Anchor Study 1: Finno-Karelian Kalevalaic Poems as ‘Things’ in the World

Anchor study 1, led by Tuukka Karlsson, examines three genres of Kalevala-metric poetry: incantations, epic, and lyric. The study is interested in emic conceptions of the materialities of these text types. Theoretically, the investigation engages with linguistic anthropologic discussions on semiotic ideologies, registers, and affordances residing in material and immaterial signs. In addition, methods developed in folklore studies are applied to the large corpora of texts the study makes use of.

The study uses the digitized corpora of published Kalevala-metric poetry (skvr.fi), which comprises approximately 89,000 texts and fragments of various genres. Additionally, approximately 60,000 unpublished archived texts and fragments are used as a complementary research corpus. The poetic material constitutes the data that will be investigated for implicit and explicit evaluations and (re)valorizations of the material aspects residing in the tradition. Collectors’ correspondence and field notes, such as those of Iivo Marttini, are also examined to explore differences between performers’ and collectors’ conceptions of text and text-type valorizations.

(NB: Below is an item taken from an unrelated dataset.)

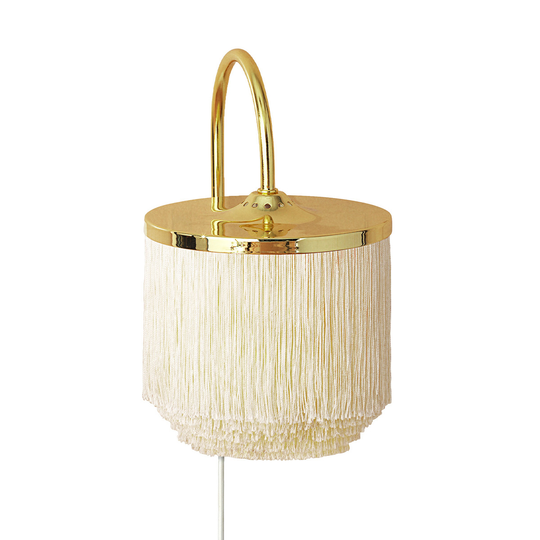 Warm Nordic Fringe seinävalaisin, kermanvalkoinen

This anchor study is interested in the material affordances of various genres and the potential differences in how texts of various genres are connected with different materialities in vernacular metadiscourse.

From vernacular considerations of oral texts and genres, this anchor study advances to the reception, utilization, and vernacular conceptions of Lönnrot’s Kalevala in Viena Karelia during the latter half of the 19th century. This stage situates vernacular conceptions of texts and their evaluation in relation to those of researchers. Especially toward the end of the 19th and early 20th century, the research and archival paradigms guiding the collection of Kalevala-metric poetry conceived some performances as ‘inauthentic’, such as poems thought to be learned from Lönnrot’s epic. A category “Learned from The Kalevala” was even used to separate poems seen as less valuable than the so-called authentic texts in the publication of an edition of the corpus, placing them in a separate section rather than with other poems of the same genre, subject, or formal type. This part of the study examines the material and immaterial aspects of language ideologies and registers (those of the collectors and those of the community members). It investigates both sides of the oral tradition’s reception in material form outside its domain of everyday use. On the one hand, it examines how vernacular mythic and ritual poetry was treated and discussed in circles outside of its traditional use, as in newspapers from the 19th and early 20th century. On the other hand, it analyzes the re-introduction of this poetry to the oral poets or original authors.

Finally, this anchor study looks into diachronic enregisterment processes and changes in how the poems have been interpreted, becoming bundled together with materialities during the 19th and early 20th century. This study will offer new perspectives on how the poetry’s affordances have changed from pre-modern times to the early years of modernization.